Recently on my way to the Detroit airport, I noticed a sign on the bus: “Please use earbuds or headphones to further limit noise.”
Not a single person was talking; it was a silent ride, but what struck me was the assumption that the sound of people talking on the phone was unwanted. Had we been on a similar bus in another city or country, perhaps no amount of signage would have prevented loud phone conversations, on speaker no less.
The key word here for me is noise. What is noise in one culture is incidental or environmental in another.
As a scholar of music who teaches a class called “NOISE,” about the evolution of noise in music and culture, I look at this concept differently from many Americans.
To understand the difference between noise, sound, and music, we have to look at history. For hundreds of thousands of years, humans lived in the age of melody—birdsong, human vocals, animal calls. Think 43,000-year-old bone flutes and the Hurian Hymn no. 6, a 4,000-year-old Sumerian clay tablet, the first known notated music.
Melody still reigns. Playing oldies to Alzheimer’s patients helps trigger memories. Earworms proliferate on TikTok. Memory and melody are entwined.
Yet noise persists, even more so today than during the Industrial Revolution, when machines took over the sonic landscape, and it’s divided along class and cultural lines. In 2017, a NIH study found that urban noise pollution like industrial activity or traffic noise is worst in poor and minority neighborhoods, which negatively impacts health outcomes and student academic performance. Noise can also be used as a weapon. Heavy metal music was used as a form of torture in Guantanamo Bay.
But what is noise to some is music to others. Some of my students listen to metal all day. And what many people deem high art—classical music—is used to deter the homeless population in places like Port Authority in New York City.
We need to be talking about noise. Because with the rise in AI, noise is even more important. In fact, every machine learning model needs noise, or else it overfits. That means the model is too tailored on the data it was trained on and performs badly on new, unseen data.
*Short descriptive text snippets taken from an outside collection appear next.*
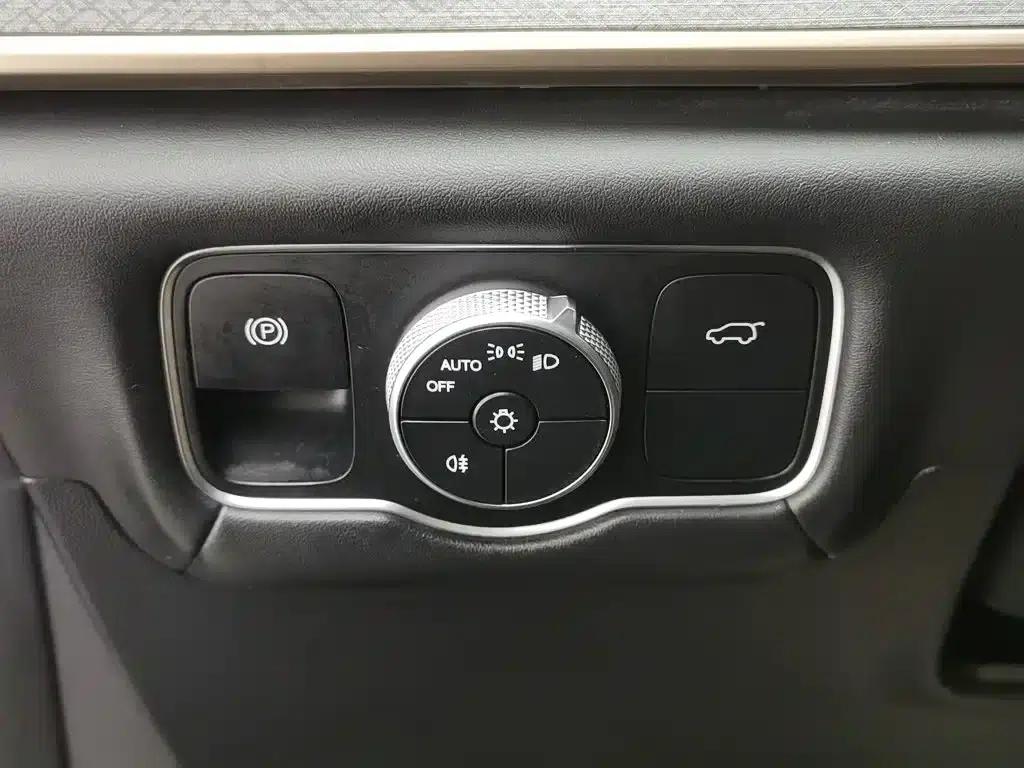 Chery Tiggo 9 2023 2.0T Dual-Clutch Two-Wheel Drive Premium Edition 5-Seater — миниатюра 21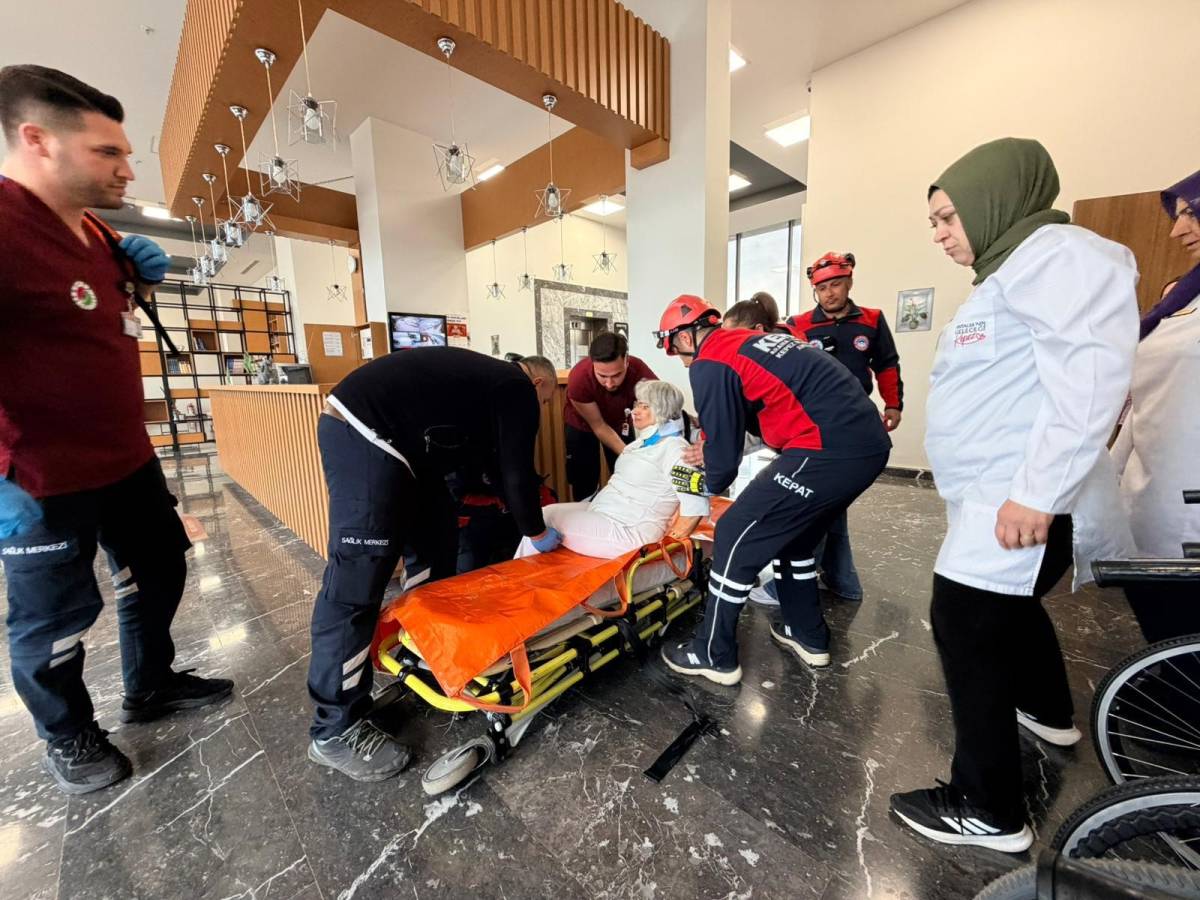 Kepez’den Hasta Yakınları Konukevi’nde deprem tatbikatı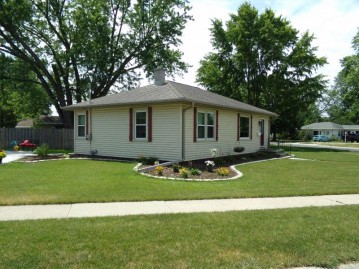 N85W16685 Ann Ave, Menomonee Falls, WI 53051-3004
Noise is of utmost importance to AI.
The most powerful AI image-generation models are essentially de-noising algorithms. They’re called diffusion models, and they “diffuse” training data with random noise, then learn how to reverse that process to generate new material, effectively “denoising” any new data into something meaningful. It’s what wowed the Internet three years ago with realistic image generation—text-to-image models like DALL-E 2, Midjourney, and Stable Diffusion. When trained on a lot of data, these diffusion models can create something recognizable from seemingly nothing That’s not just useful for generating fantastical memes; diffusion models can also generate detailed MRI scans from sparse data or 3D molecular structures for drug discovery.
Noise can be harmful, but it can also be beneficial. It can be harnessed. I’m not saying that noise should automatically be considered music, nor the other way around. That equivalence requires a certain intention on our part, through active listening. But at the end of the day, things that lend realism are these incidental details: the specific noise profile of a Parisian café with its glass clinks and spoken French “zh”s, or North Seymour Island of the Galapagos with its large population of blue-footed boobies and swallow-tailed gulls whistling and clicking.
Perhaps counterintuitively, we need noise in our political conversations too. Our newsfeeds and social circles are so insulated, we no longer have to wrestle with other points of view that can crystallize our own thoughts and generate new ideas or even compromises. Fittingly, public spaces in which there is the potential for political pluralization, conversation, and demonstration—like parks, town squares, transportation hubs—also happen to be places that are sonically noisiest.
We should remember that podcasts, speeches, and other forms of media are a dialogue. How you receive information, perhaps using difficult and skillful work to parse it, is the muscle we exercise when we learn to appreciate noise.
We should attend to noise. It not only helps us sleep, in the form of white noise machines, or makes for a more interesting bus ride, but it also provides the necessary friction and chaos that make our lives more human.